------ DATASET ------

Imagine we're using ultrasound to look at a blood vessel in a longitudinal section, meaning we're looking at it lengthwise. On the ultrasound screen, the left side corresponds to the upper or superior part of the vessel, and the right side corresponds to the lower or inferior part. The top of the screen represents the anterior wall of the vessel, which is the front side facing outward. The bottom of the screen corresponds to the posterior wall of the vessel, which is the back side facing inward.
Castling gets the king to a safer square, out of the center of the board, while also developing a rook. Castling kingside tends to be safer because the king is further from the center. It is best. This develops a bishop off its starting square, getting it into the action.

------
------ DATASET ------

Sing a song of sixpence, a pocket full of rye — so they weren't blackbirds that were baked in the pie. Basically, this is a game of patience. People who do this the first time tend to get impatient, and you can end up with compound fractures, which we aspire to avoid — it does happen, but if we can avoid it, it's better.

------

» TRY IT: Please return only the lines above, starting at the line that has "Imagine we're using" and ending at the line that has "Castling gets the", keeping both and leaving each one unchanged.

» TASK RESPONSE:
Imagine we're using ultrasound to look at a blood vessel in a longitudinal section, meaning we're looking at it lengthwise. On the ultrasound screen, the left side corresponds to the upper or superior part of the vessel, and the right side corresponds to the lower or inferior part. The top of the screen represents the anterior wall of the vessel, which is the front side facing outward. The bottom of the screen corresponds to the posterior wall of the vessel, which is the back side facing inward.
Castling gets the king to a safer square, out of the center of the board, while also developing a rook. Castling kingside tends to be safer because the king is further from the center. It is best. This develops a bishop off its starting square, getting it into the action.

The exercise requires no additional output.